23 de novembro de 2003

Guajajaras e internet

Jornal O Estado do Maranhão
Há invenções que admiramos permanentemente, como se tivessem sido criadas há pouco tempo e, portanto, ainda causassem surpresa. O avião é uma delas. Sempre me fascinou a capacidade de andar no meio das nuvens de uma máquina criada pelo homem, mas que, reparando bem, não voa, apenas imita um vôo, nem tem asas como as dos pássaros, porque, diferentemente das do avião, aquelas, as asas de verdade, se movimentam, fazem ondulantes e graciosos movimentos e são movidas a sangue e ar, não a petróleo, o pai de todas as guerras no mundo de hoje, a julgar pela última no Iraque.
O fascínio desse invento reside precisamente nesse prodígio de, com seu peso de muitas toneladas metálicas e brilhantes, conseguir, em seu deslocamento aéreo, dar a impressão de leveza e beleza, presentes em todo equilíbrio instável, como o do equilibrista de corda-bamba sobre um precipício.

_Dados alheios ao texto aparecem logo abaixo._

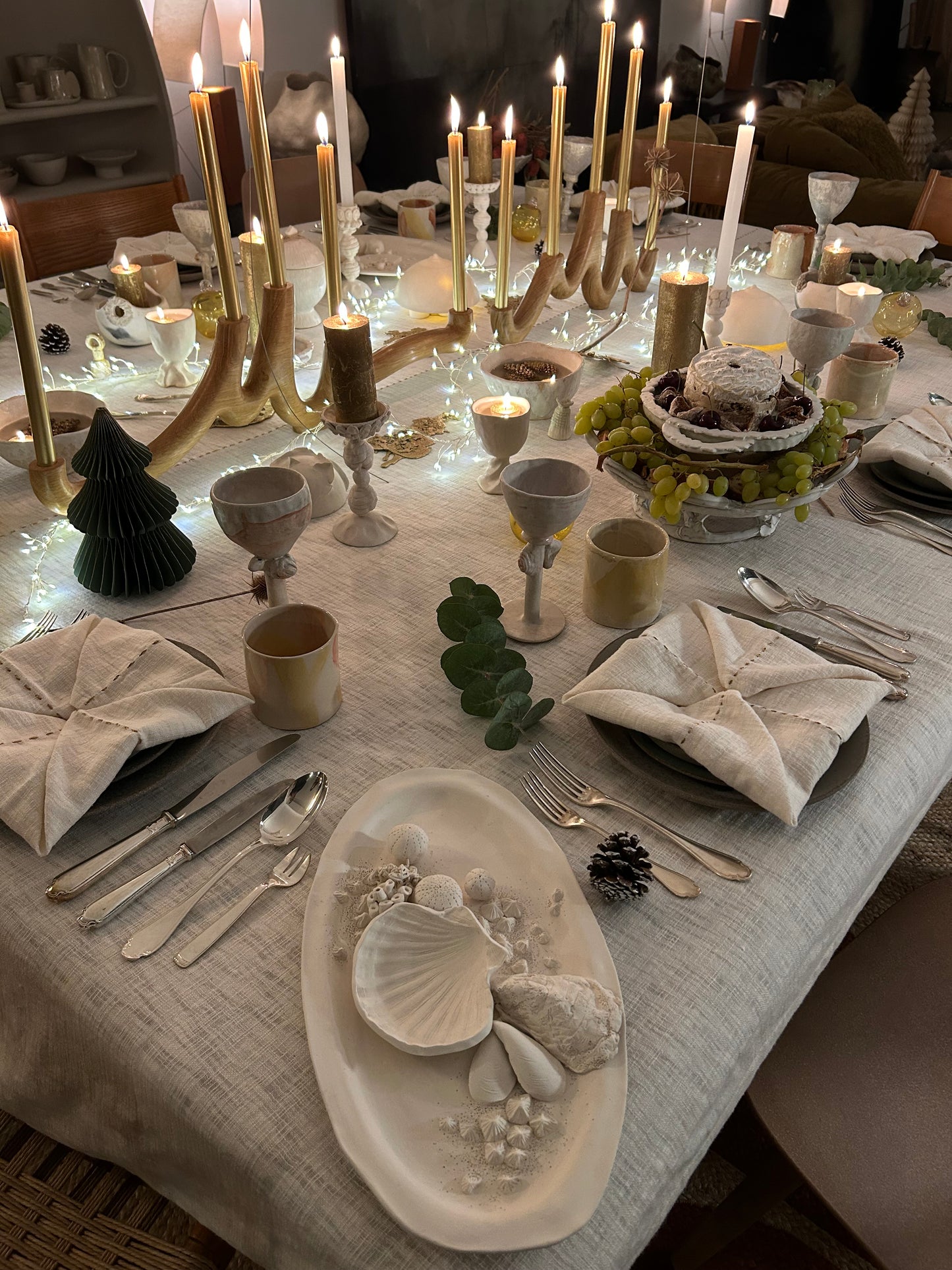 Plat Barbotine Coquillages, non émaillé - Maison Bonjour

Está na iminência de sofrer uma queda, mas a evita no momento seguinte. No caso do avião, é a aerodinâmica e a força dos motores empurrando-o para cima e a de gravidade puxando-o para baixo. O resultado é uma legítima clonagem de vôo.
Mas, qual a razão de eu estar falando de invenções e de clonagem? Não sou capaz de inventar coisa alguma nem entendo de clonar gente ou ovelha e, muito menos, sei pilotar aviões, apesar de gostar de viajar neles. É que não consegui ainda achar banal a invenção da internet, a rede mundial de computadores, ou web, que significa teia em inglês, e não rede, a despeito de usá-la diariamente. Por uma curiosa associação de idéias, sua invenção e a do objeto voador caminham juntas na minha mente como exemplo do ditado: “A necessidade é a mãe da engenhosidade”. Ao pensar em uma, inevitavelmente lembro da outra e acabo falando das duas. E eu vinha pensando ultimamente exatamente sobre o papel social das invenções e a importância da internet como meio de comunicação hoje em dia.
Como ela surgiu, afinal? Por causa da competição entre os Estados Unidos e a União Soviética, os americanos criaram nos anos 60 a Agência de Projetos de Investigação Avançada. No final da década, o órgão implantou uma rede experimental de computadores chamada Arpanet, com a utilização de uma tecnologia do packet switching, ou troca de pacotes, para o transporte de informação. Se, durante um ataque militar, parte da teia fosse destruída, ela seria ainda capaz de transmitir informações por meio dos computadores restantes devido às características de sua arquitetura e à tecnologia em uso.
Inicialmente, apenas instituições militares e de pesquisa científica faziam parte do sistema. Ele foi crescendo e passou a incluir empresas e suas próprias redes. Depois, expandiu-se até o usuário doméstico, principalmente após a adoção da interface gráfica que permitiu a visualização das chamadas páginas web. Formou-se, assim, uma grande rede de redes, como a de hoje.
Dizia-se, quando o uso do telefone para ligações a longa distância difundiu-se, que as cartas tradicionais desapareceriam. Com a internet, elas voltariam através do correio eletrônico. Nada disso aconteceu. Houve, sim, neste último caso, a proliferação de meros bilhetes, escritos, em geral, em uma língua difícil de identificar. O que eu quero dizer é que a tecnologia toma, muitas vezes, rumos inesperados, levada pelo uso social dela, e se revela frágil em alguns aspectos.
Agora mesmo, em Santa Inês, no Maranhão, os índios guajajaras, cansados de esperar o cumprimento das promessas do homem branco, de pagamento de uma indenização, resolveram, escaldados por 500 anos de história de compromissos não cumpridos e bem informados pela própria internet, cortar os cabos de fibra ótica que servem à teia, instalados em suas terra. A maravilha tecnológica deixou de funcionar em vários Estados.
Não haverá aí o simbolismo de que a tecnologia, não importando seu grau de sofisticação, deverá estar sempre subordinada às relações sociais, devendo levar em consideração o interesse de todos, sobretudo dos grupos mais vulneráveis?